Single by Grinspoon

from the album Easy
- Released: 5 May 2000
- Recorded: August–September 1999
- Genre: Alternative metal, post-grunge
- Length: 4:05
- Label: Grudge (Universal)
- Songwriter(s): Pat Davern, Phil Jamieson
- Producer(s): Jonathon Burnside

Grinspoon singles chronology
| "Secrets" (2000) | "Rock Show" (2000) | "Violent and Lazy" (2000) |

= Rock Show (Grinspoon song) =

"Rock Show" was the third single by Grinspoon from their second studio album Easy. It was released on 5 May 2000 on the Grudge label (the Australian imprint of Universal Records), reaching No. 78 on the Australian Singles Chart and polling at No. 33 on Triple J's Hottest 100 for 2000.

==History==
After undertaking an extensive tour of the US promoting their debut album, Guide to Better Living, the band set about recording a follow-up album in with producer Jonathan Burnside (Nirvana, Melvins, Depeche Mode, Meat Beat Manifesto) in August 1999. The album, Easy, was recorded in Sydney and mixed in Melbourne.

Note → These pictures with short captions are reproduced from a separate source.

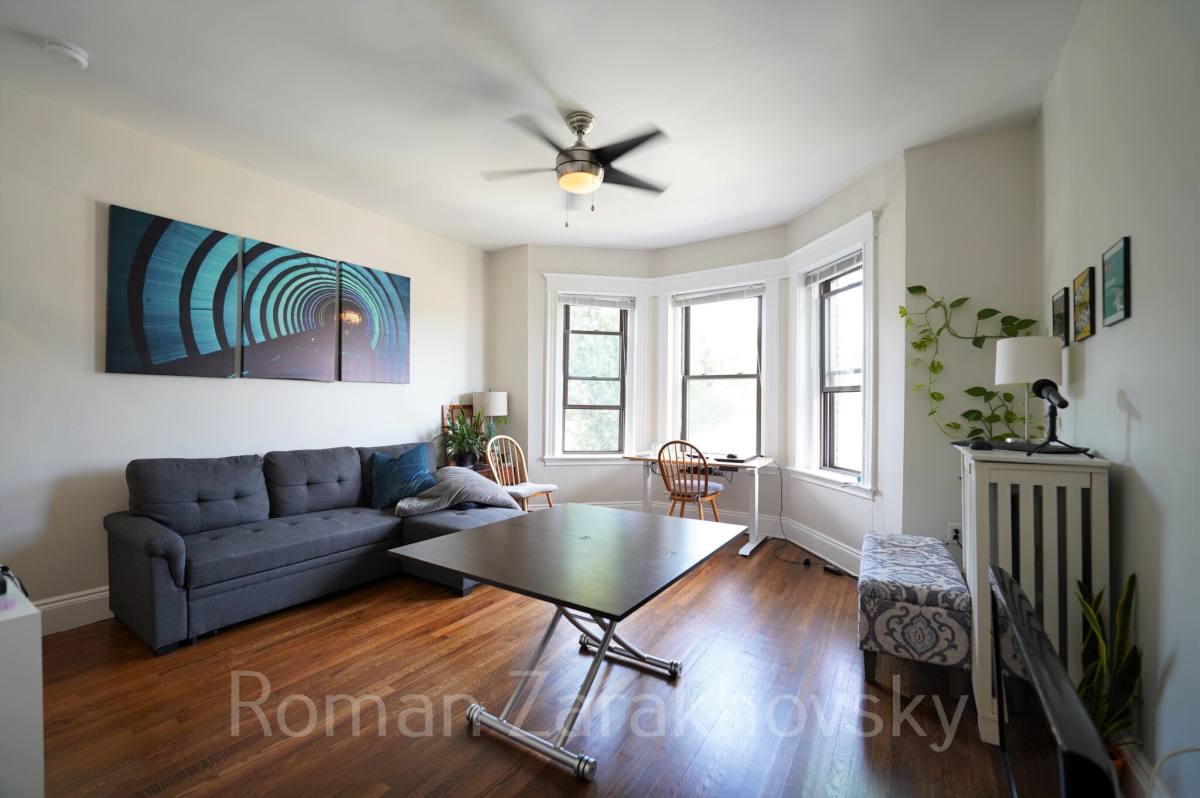 Apartment for rent at 2 Ayr Rd #43, Brighton, MA 02135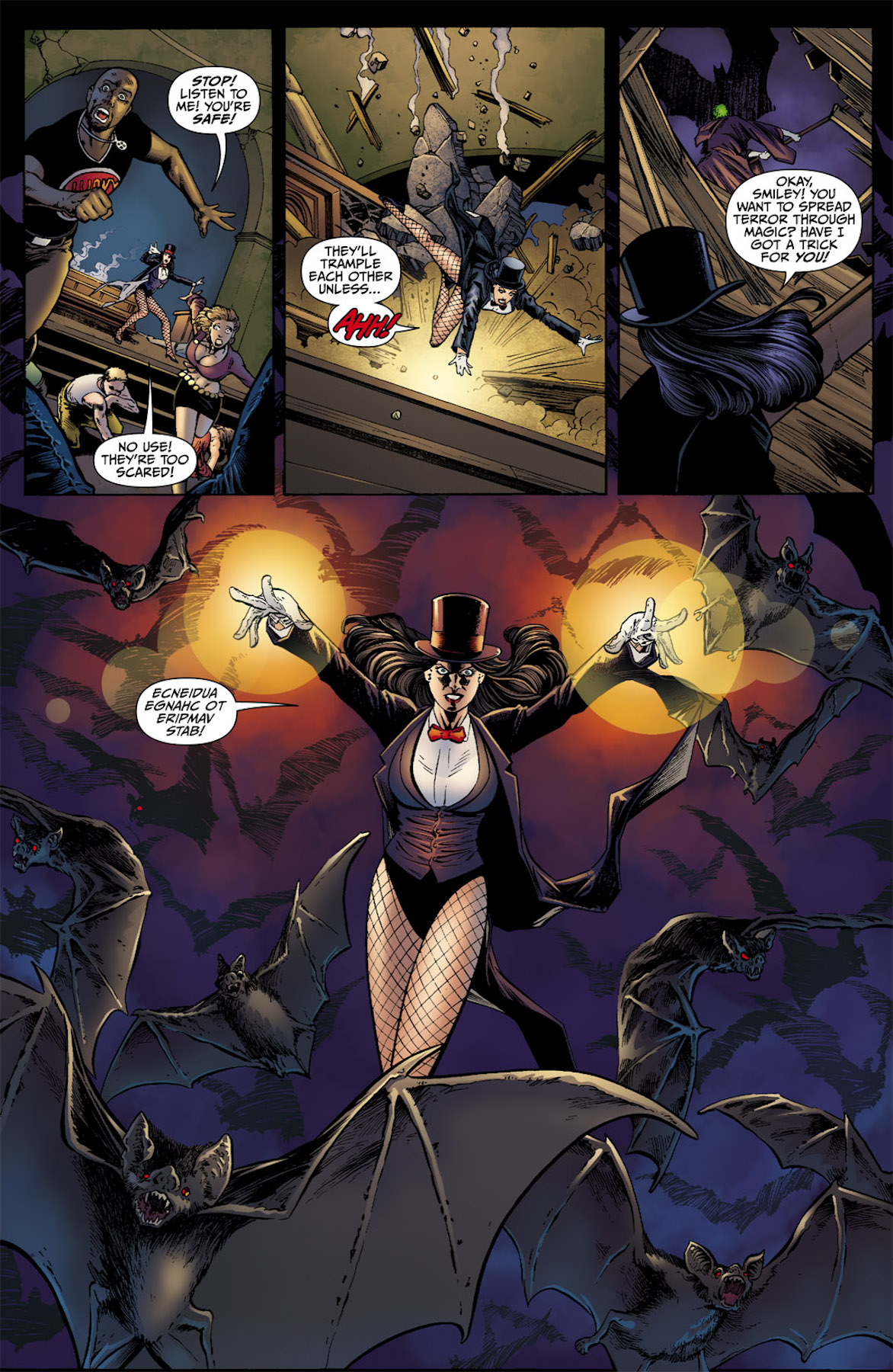 Read online Batman By Paul Dini Omnibus comic -  Issue # TPB (Part 3) - 25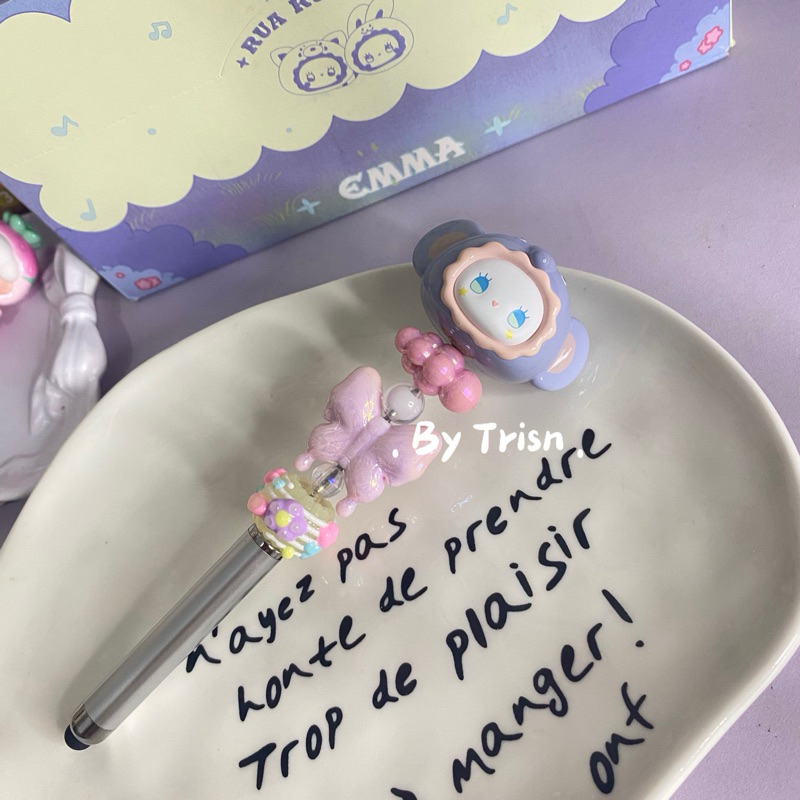 

Pen Custom / Pulpen Karakter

Easy was released on 1 November 1999, peaking at No. 4 on the Australian Album Chart and was certified platinum in Australia. The first single from the album, "Ready 1" was released in October 1999 and peaked at No. 36 on the ARIA Singles Chart. The second single, "Secrets", released in January 2000 peaked at No. 83.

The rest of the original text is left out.